▶ [Supplied records]
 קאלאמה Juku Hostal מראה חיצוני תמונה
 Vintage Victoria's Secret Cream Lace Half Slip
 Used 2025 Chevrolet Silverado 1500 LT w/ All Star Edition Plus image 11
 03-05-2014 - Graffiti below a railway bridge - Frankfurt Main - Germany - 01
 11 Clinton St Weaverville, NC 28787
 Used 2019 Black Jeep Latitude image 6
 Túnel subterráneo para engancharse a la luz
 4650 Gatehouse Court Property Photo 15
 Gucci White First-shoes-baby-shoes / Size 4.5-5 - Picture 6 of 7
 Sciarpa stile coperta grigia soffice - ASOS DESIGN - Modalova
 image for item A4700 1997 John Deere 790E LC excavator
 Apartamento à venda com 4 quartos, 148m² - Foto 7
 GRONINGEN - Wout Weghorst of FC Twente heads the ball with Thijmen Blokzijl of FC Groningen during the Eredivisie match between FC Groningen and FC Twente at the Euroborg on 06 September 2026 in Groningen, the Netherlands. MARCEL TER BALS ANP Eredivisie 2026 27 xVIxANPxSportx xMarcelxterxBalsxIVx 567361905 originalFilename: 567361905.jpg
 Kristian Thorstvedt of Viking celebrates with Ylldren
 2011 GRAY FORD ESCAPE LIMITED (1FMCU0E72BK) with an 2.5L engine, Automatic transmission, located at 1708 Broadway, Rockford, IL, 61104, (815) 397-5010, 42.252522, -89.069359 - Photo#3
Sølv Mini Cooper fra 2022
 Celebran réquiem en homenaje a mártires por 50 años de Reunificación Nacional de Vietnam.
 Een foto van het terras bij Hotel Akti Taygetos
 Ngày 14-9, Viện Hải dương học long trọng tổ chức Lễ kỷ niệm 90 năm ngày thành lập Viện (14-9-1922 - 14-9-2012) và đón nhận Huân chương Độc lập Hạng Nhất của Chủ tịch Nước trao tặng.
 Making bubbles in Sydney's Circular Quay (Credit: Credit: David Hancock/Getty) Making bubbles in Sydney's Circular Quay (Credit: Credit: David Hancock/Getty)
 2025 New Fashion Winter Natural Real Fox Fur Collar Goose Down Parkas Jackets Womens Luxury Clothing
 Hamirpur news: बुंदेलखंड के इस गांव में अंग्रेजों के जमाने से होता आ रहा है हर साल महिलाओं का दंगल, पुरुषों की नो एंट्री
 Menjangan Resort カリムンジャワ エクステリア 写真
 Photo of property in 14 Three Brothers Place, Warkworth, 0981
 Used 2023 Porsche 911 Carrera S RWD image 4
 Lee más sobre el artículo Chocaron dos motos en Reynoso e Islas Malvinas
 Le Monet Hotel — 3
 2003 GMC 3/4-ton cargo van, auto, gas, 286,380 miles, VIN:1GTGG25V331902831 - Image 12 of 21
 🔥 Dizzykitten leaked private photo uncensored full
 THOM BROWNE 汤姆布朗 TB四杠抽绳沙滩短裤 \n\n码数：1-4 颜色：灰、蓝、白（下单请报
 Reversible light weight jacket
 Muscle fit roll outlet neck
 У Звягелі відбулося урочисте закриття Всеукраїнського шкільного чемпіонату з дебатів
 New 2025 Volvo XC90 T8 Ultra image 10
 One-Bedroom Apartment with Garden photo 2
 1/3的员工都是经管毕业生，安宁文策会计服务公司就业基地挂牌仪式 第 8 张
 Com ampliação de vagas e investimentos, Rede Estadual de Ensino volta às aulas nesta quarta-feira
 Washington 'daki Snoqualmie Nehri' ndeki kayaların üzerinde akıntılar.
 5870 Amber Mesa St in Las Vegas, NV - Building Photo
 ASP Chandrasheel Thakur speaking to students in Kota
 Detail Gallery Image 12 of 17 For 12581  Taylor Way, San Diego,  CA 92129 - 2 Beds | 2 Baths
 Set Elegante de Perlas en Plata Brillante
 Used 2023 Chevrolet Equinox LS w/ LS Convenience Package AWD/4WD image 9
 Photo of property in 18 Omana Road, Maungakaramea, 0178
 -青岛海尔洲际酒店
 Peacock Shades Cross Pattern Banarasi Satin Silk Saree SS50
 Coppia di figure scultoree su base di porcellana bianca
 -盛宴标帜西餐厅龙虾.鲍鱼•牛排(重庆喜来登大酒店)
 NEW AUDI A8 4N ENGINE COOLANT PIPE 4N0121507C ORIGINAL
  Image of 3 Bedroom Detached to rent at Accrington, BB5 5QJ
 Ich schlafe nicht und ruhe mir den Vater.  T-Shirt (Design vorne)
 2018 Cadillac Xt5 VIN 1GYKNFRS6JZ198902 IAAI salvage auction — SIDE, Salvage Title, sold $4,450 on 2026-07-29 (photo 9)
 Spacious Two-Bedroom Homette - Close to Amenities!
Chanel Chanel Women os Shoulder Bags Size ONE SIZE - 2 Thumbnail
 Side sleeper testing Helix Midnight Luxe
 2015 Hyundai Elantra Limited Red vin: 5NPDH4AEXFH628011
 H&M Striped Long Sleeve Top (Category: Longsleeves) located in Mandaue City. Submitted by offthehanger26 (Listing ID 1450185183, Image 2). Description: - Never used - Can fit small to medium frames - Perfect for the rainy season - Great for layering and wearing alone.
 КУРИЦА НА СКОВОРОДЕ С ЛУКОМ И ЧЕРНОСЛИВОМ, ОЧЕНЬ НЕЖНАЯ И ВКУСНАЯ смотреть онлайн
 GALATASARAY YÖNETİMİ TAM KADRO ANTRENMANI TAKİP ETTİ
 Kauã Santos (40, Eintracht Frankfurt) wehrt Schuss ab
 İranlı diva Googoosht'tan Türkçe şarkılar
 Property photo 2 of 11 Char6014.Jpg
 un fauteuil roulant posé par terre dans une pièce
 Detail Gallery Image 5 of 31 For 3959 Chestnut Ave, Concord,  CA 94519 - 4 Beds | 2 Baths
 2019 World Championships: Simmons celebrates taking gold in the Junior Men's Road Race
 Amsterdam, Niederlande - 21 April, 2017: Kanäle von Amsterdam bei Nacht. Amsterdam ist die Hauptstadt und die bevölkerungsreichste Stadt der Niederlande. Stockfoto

▶ [Task statement]
Lines holding "Bedroom" in the data above: copy each of them.

▶ [Expected answer]
 One-Bedroom Apartment with Garden photo 2
  Image of 3 Bedroom Detached to rent at Accrington, BB5 5QJ
 Spacious Two-Bedroom Homette - Close to Amenities!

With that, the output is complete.